CESD63: Fundamentals of data analytics

About This Specialization
Do you need to understand big data and how it will impact the business? This Specialization is for the professional coming from a background of: Engineering, computer sciences, statistics, mathematics, economy and management. They will gain an understanding of what insights big data can provide through hands-on experience with the tools and systems used by big data scientists and engineers. Previous programming experience is not required! You will be guided through the basics of using Hadoop with MapReduce, Spark, Pig and Hive. By following along with provided code, you will experience how one can perform predictive modeling and leverage graph analytics to model problems. This specialization will prepare you to ask the right questions about data, communicate effectively with data scientists, and do basic exploration of large, complex datasets.

Course Duration:
August 14th, 2017 – September 3rd, 2017

Course Fee: Rs. 5000/– (Rs.3000/– for S.P.I.T. students) Last date for enrollment: 31st July, 2017

About This Course

Interested in increasing your knowledge of the Big Data landscape? This course is for those new to data science and interested in understanding why the Big Data Era has come to be. It is for those who want to become conversant with the terminology and the core concepts behind big data problems, applications, and systems. It is for those who want to start thinking about how Big Data might be useful in their business or career. It provides an introduction to one of the most common frameworks, Hadoop, that has made big data analysis easier and more accessible — increasing the potential for data to transform our world!
More and more organizations these days use their data a decision supporting tool and to build data intensive products and services. The collection of skills required by organizations to support these functions has been grouped under the term “Data Sciences”. This course will cover the basic concepts of big data, methodologies for analyzing structured and unstructured data with emphasis on the relationship between the Data Scientist and the business needs. The course is intended for the students coming from a background of: Engineering, computer sciences, statistics, mathematics, economy and management.

Data Analytics is the science of analyzing data to convert information to useful knowledge. This knowledge could help us understand our world better, and in many contexts enable us to make better decisions. While this is the broad and grand objective, the last 20 years has seen steeply decreasing costs to gather, store, and process data, creating an even stronger motivation for the use of empirical approaches to problem solving. This course seeks to present you with a wide range of data analytic techniques and is structured around the broad contours of the different types of data analytics, namely, descriptive, inferential, predictive, and prescriptive analytics.

This will be an intensive 40 hour training course that will involve the concepts of big Data analytics with technology. This course will involve one capstone project. A Capstone Project is a larger project designed to help you practice, apply, and showcase the skills you’ve learned.

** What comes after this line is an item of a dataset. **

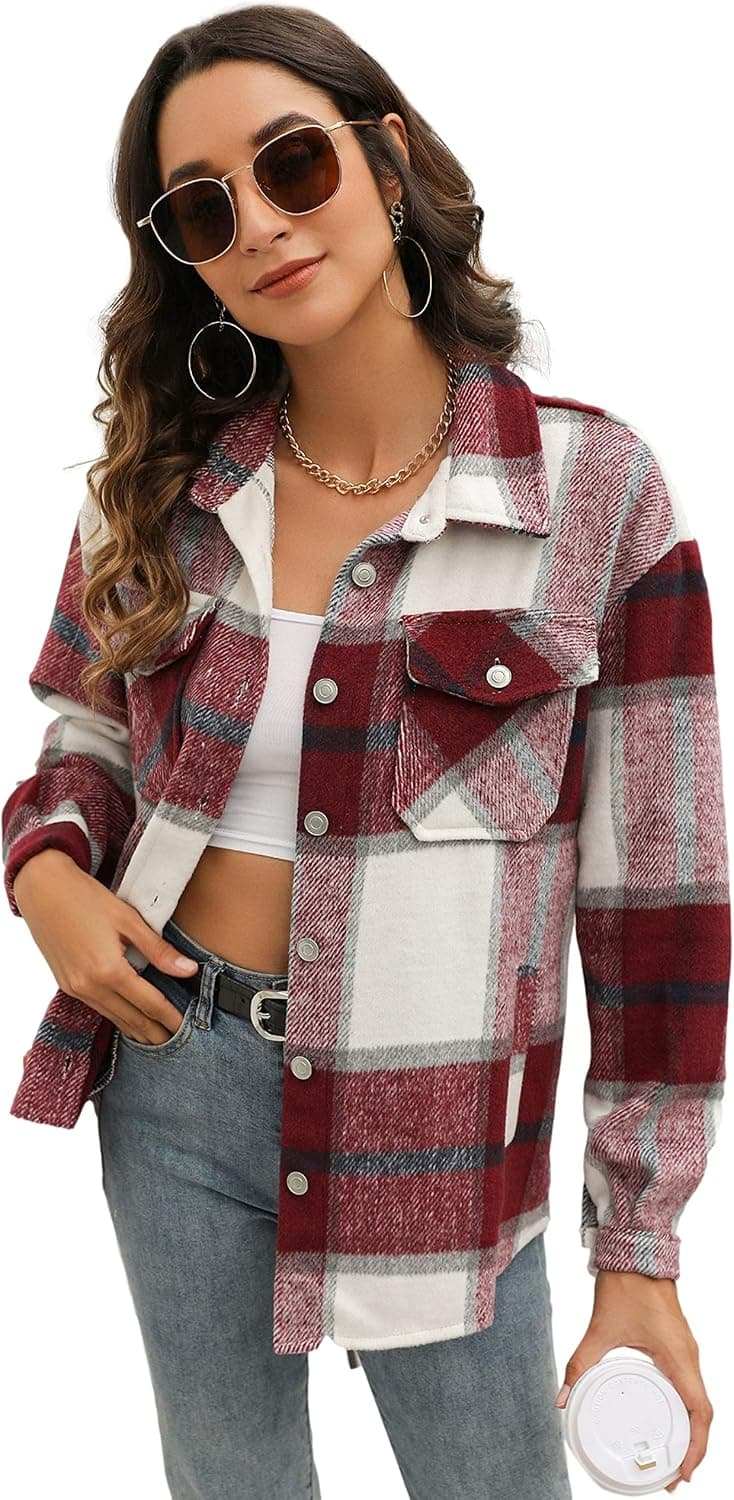 Himosyber Womens Plaid Shacket Woolen Brushed Lapel Pocketed Button Down Shirt Fall Jacket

This course has a total of six modules, divided into various sub-modules as follows:

Fundamentals of data analytics
Prediction analytics: regression and classification
Prediction analytics: Time series, Decision Tree and Neural Network
Big Data analytics : Hadoop and SPARK
Big Data analytics : SCALA
Data analytics applications

What Background Knowledge is necessary?
This course is for those new to data science. No prior programming experience is needed, although the ability to install applications and utilize a virtual machine is necessary to complete the hands-on assignments.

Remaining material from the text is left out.